Task objective:
Your task is to output the listing exactly, leaving every image out.

Material provided:

━━━━━━━━

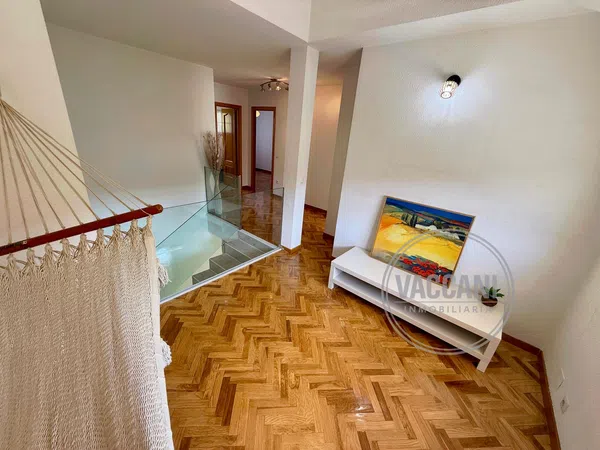 Chalet adosado en Ronda de las Acacias, El Bercial, El Bercial - Foto 40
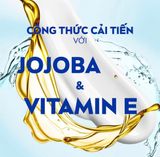  Kem dưỡng 200ml Nivea Solf  1113515 SẴN 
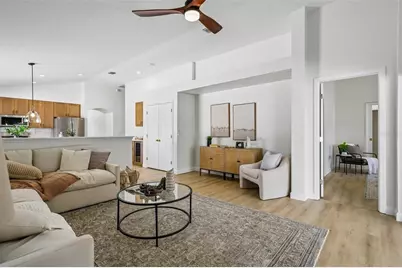 24514 Volterra Court, Lutz, FL 33559 - Photo 17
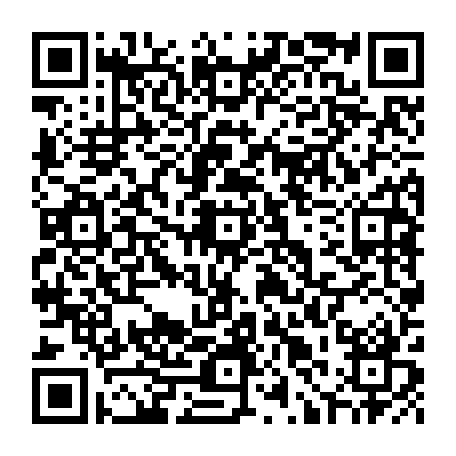 79107490539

━━━━━━━━

Reply to the task:
 Chalet adosado en Ronda de las Acacias, El Bercial, El Bercial - Foto 40
  Kem dưỡng 200ml Nivea Solf  1113515 SẴN 
 24514 Volterra Court, Lutz, FL 33559 - Photo 17
 79107490539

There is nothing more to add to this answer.